Vom XI. bis zum XIII. Jahrhundert waren die ersten Dichter in Italien Richter und Notare. Sie schrieben Akten, notierten An- und Verkäufe, interpretierten das Recht, fällten Urteile und hielten diese in großen Büchern fest.

In Bologna, an der ältesten Universität Europas, war die Tradition der glosse oder auch chiose, dank Irnerius, einem der wichtigsten Rechtsgelehrten, der dort unterrichtete, sehr angesehen. Glosse waren Randnotizen, in denen Gelehrte das Justinianische Recht interpretierten und erklärten.

Die Tradition erzählt, dass gelangweilte Notare am Rande der Urkunden Verse schrieben. Zuerst Rätselverse, dann Dichtungen. Diese waren in volgare verfasst, der damaligen Volkssprache, von denen eine, das fiorentino, dank Dante später zum Italienisch wurde.

Im Bologna des XIII. Jahrhunderts lebte ein Rechtsgelehrter und Richter, Guido Guinizelli. Seine Familie war politisch engagiert auf der Seite der ghibellini, Befürworter der kaiserlichen, weltlichen Autorität. Er hatte eine Frau und einen Sohn.
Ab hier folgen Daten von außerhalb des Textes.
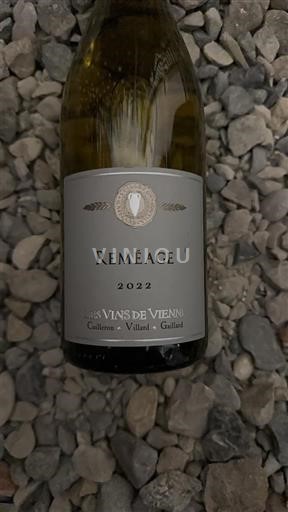 Alpes và các vùng Rhodanien Collines rhodaniennes Les Vins de Vienne Reméage 2022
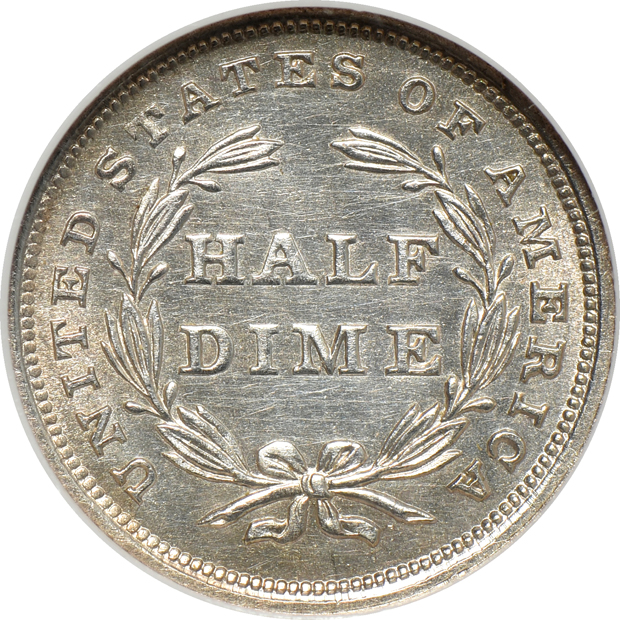 1832 and 1837 Seated Liberty, both NGC MS-62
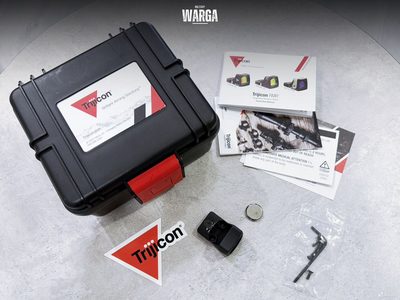 Коллиматорный прицел Trijicon RMR Type 2 Черный (Black)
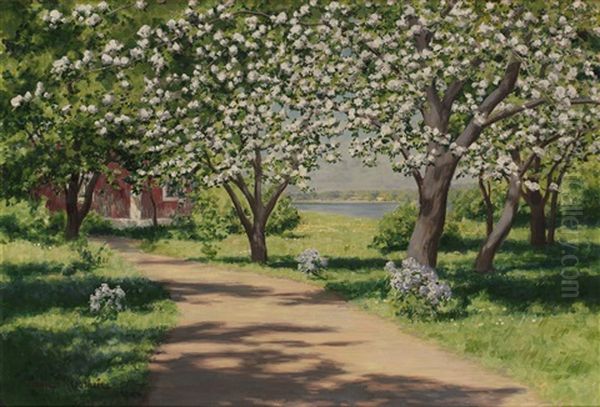 Blommande Frukttrad - view 1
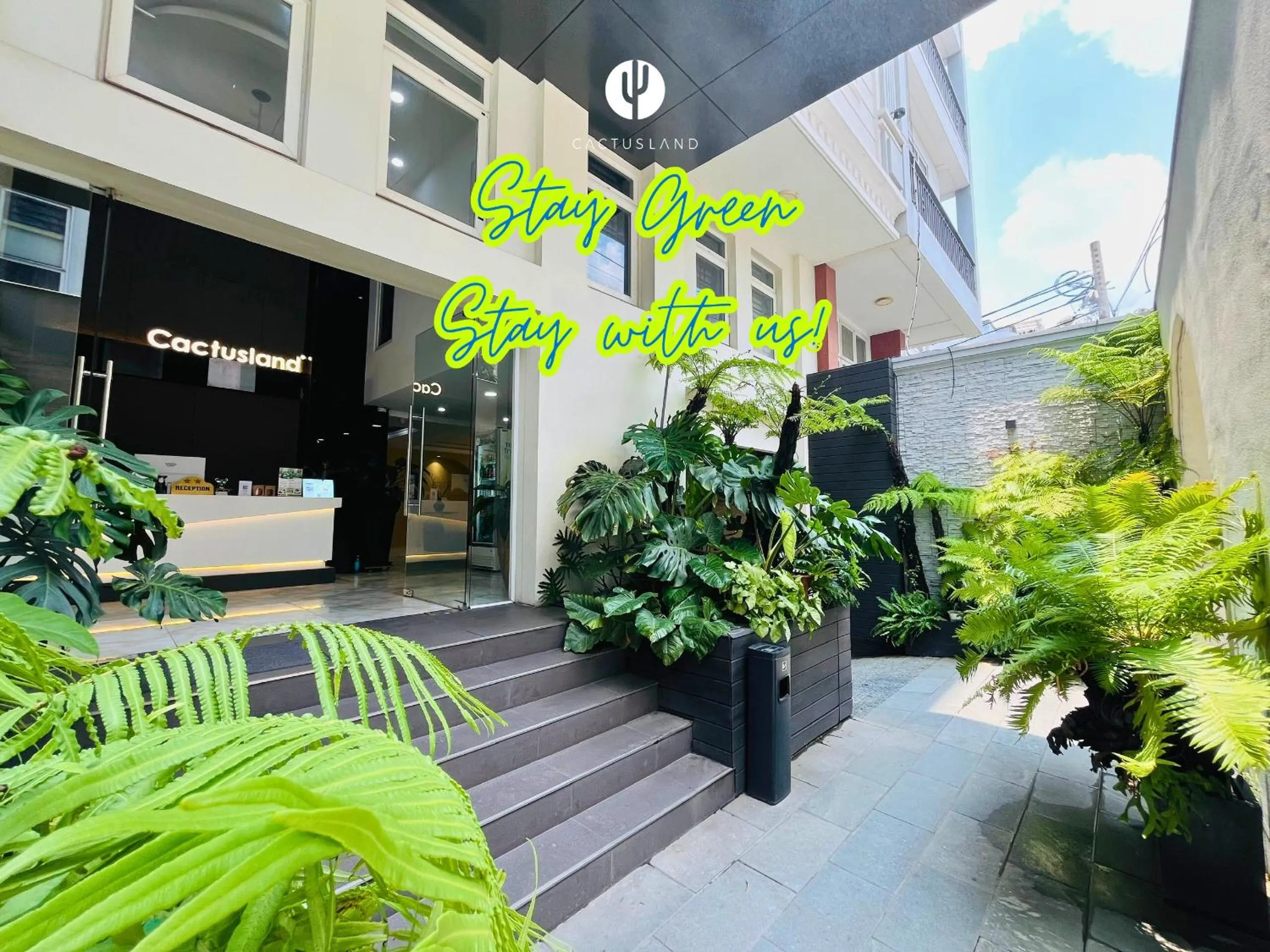 Property building in Cactusland Hotel Tan Binh Near T3 Station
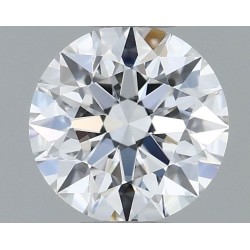 Diament szlif okrągły, 0.5ct, VVS1, F, GIA 6532847321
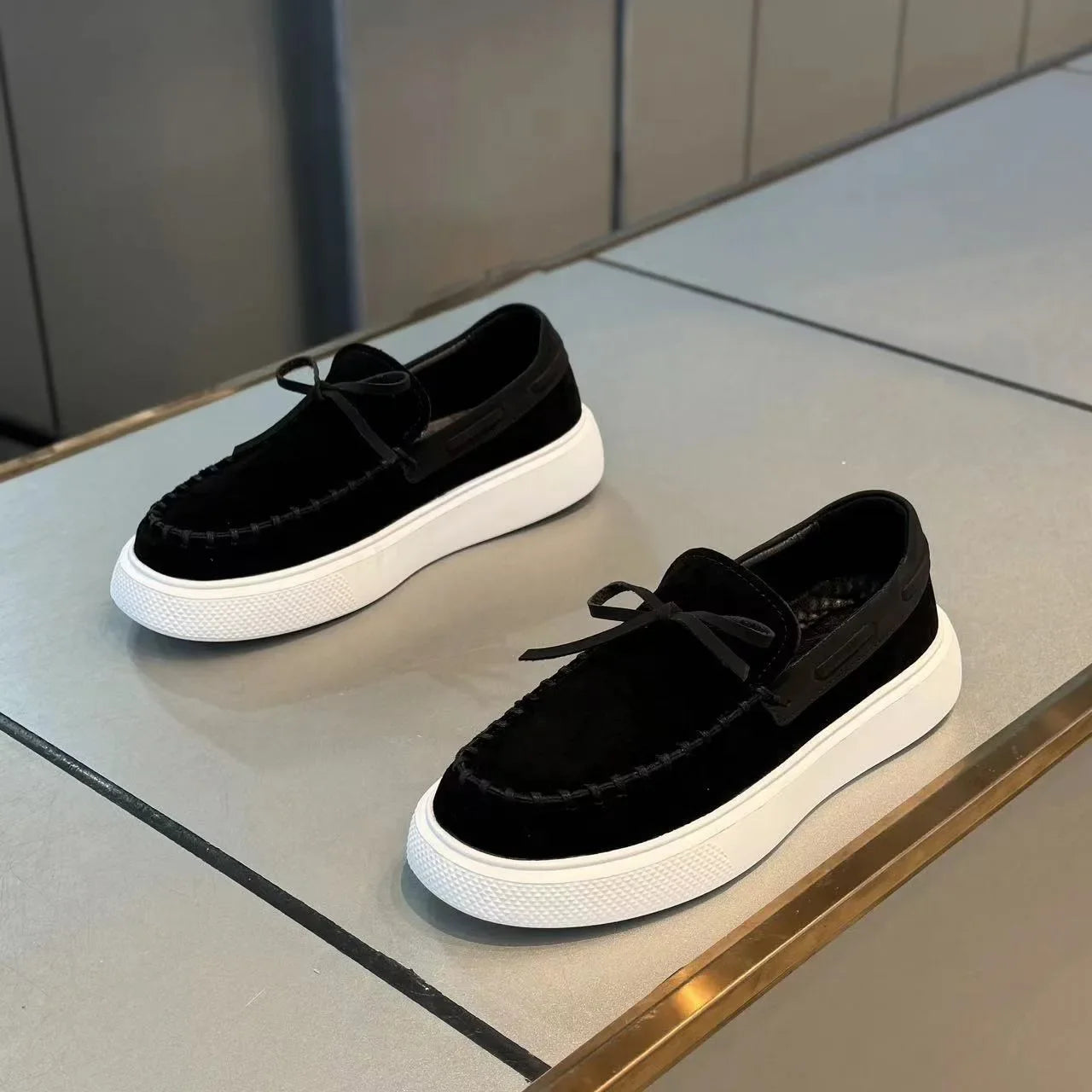 Mocassin Printemps Tendance - Barrie Shop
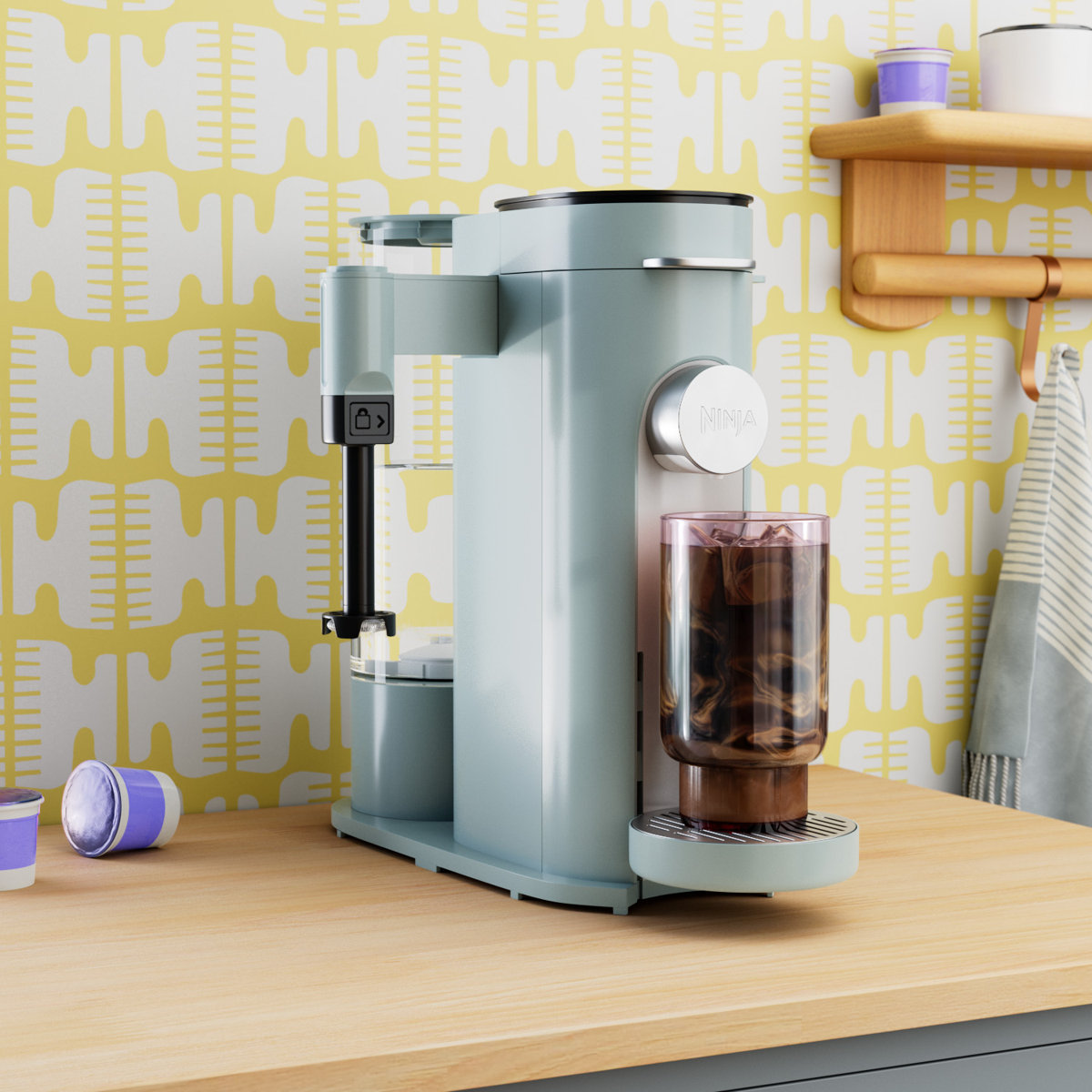 Ninja® Single-Serve Pods & Grounds Specialty Coffee Maker PB051SG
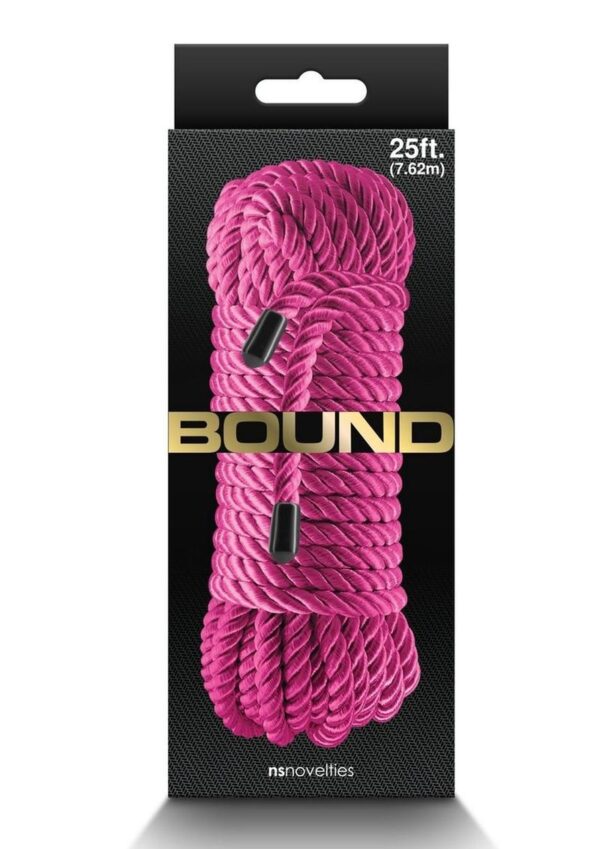 Bound Rope 25ft - Pink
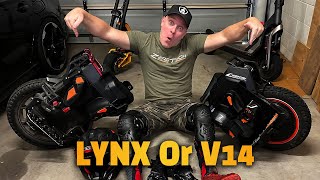 Lynx Vs V14 Ride into Town Cairns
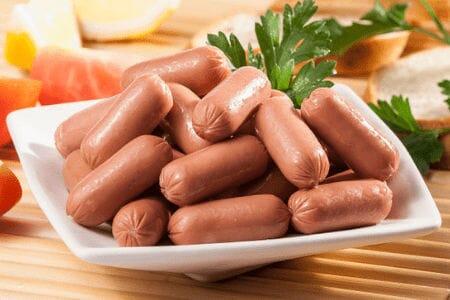 PRASUMA PORK FRANKFURTER 300 GM TGO9 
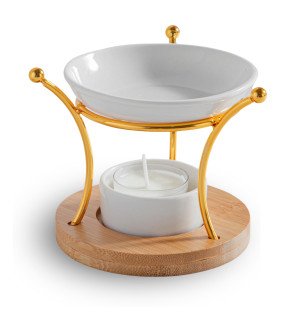  vue d’ensemble du brûle-parfum simplicité etna dans une pièce lumineuse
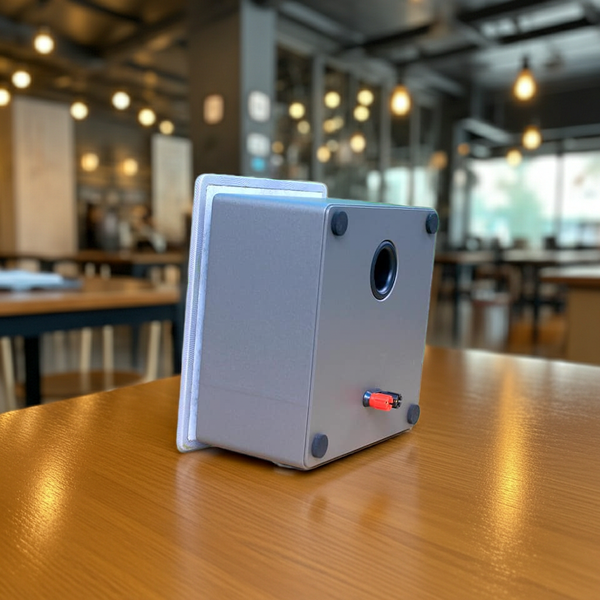 Loa âm trần VAT20 tích hợp 1 củ loa bass kích thước 4 inch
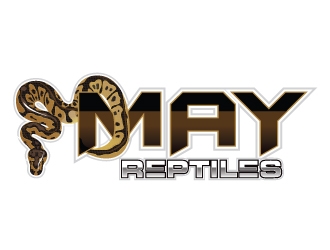 MAY Reptiles logo design by logoguy
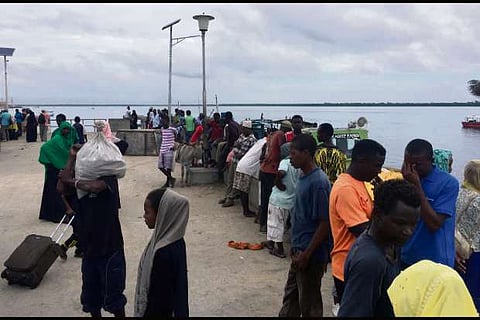 Al-Shabab militants attack Kenyan naval base used by US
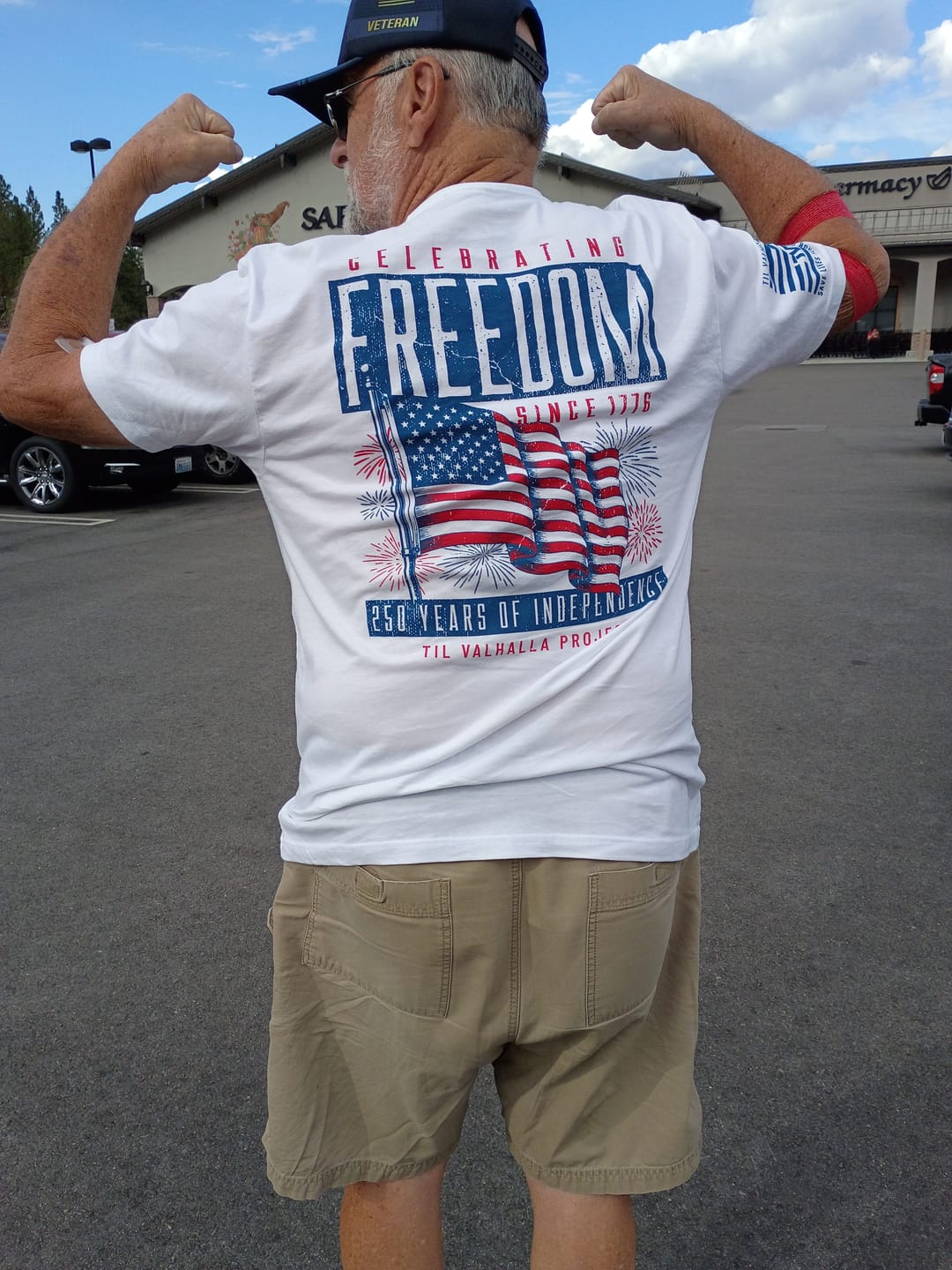 Customer photo review of Celebrate Freedom 250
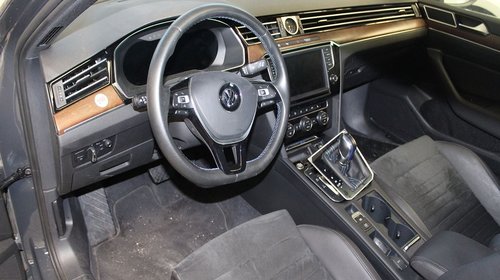 Macara geam stanga spate Volkswagen Passat B8 2017 limuzina 1,4 CUK GTE
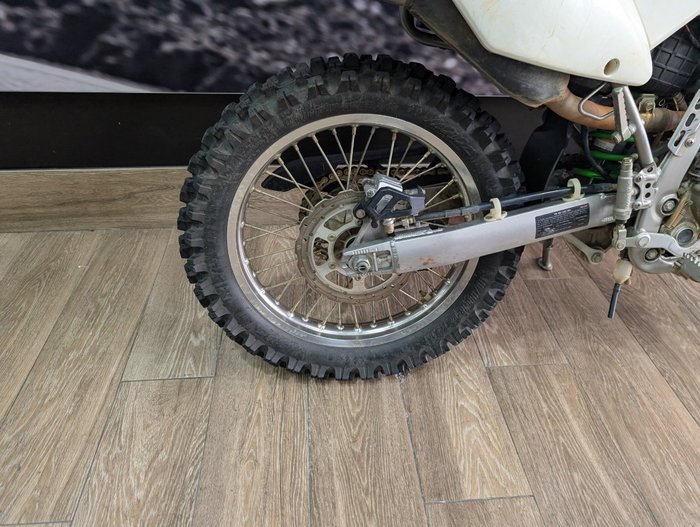 2015 Kawasaki KLX250S GREEN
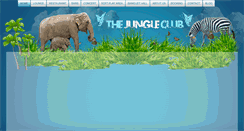 Desktop Screenshot of jungleclub.co.uk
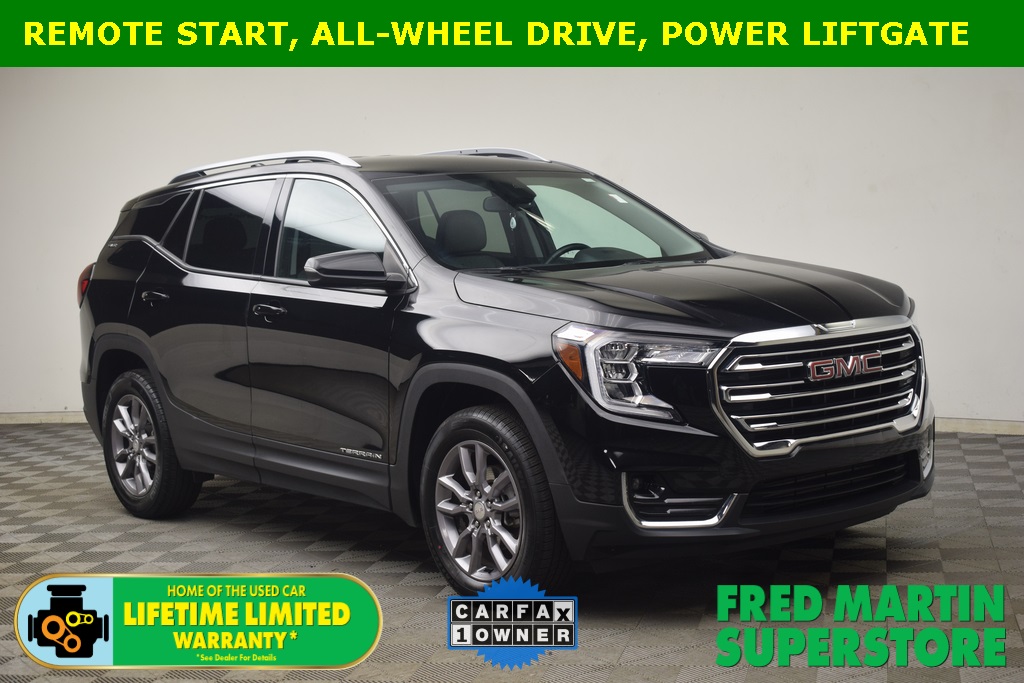 used 2023 GMC Terrain car, priced at $22,600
Guido saß in seinem Studio, einem hohen Zimmer in einem alten Gebäude aus rotem Stein, und arbeitete. Unterhalb seines Fensters, in den portici (den Bolognesischen Arkaden) gingen Menschen entlang, unterhielten sich, schlossen Geschäfte ab.

Wenn Guido sich langweilte, ging sein Blick zu den Randnotizen auf seinen juristischen Quellen und er las den einen oder anderen Vers. Eines Tages stach ihm am Rande eines Urteils, das er gerade bearbeitete, ein breiter leerer Rand ins Auge. Er fing an, selbst zu schreiben. Ein Wort nach dem anderen.

Es wurden die schönsten Gedichte, die ersten der Schule des dolce stil novo. Selbst Dante nennt Guido „padre“, Vater, seinen und den der anderen Dichter, die „rime d’amor usar dolci e leggiadre”, anmutige und süße Liebesreime schrieben (Purgatorio, XXVI, 99).

Nachdem Guido das erste Gedicht geschrieben hatte, wendete er sich wieder dem Urteil zu und fertigte es an. Er steckte es in eine Ledermappe und übergab es dem Jungen, der es zum Gericht bringen sollte. Er selbst machte sich auf den Weg nach Hause. Der Junge eilte zum Gericht. Guidos Worte entstiegen der Ledermappe und zogen hinaus in die milde Luft. Randnotizen.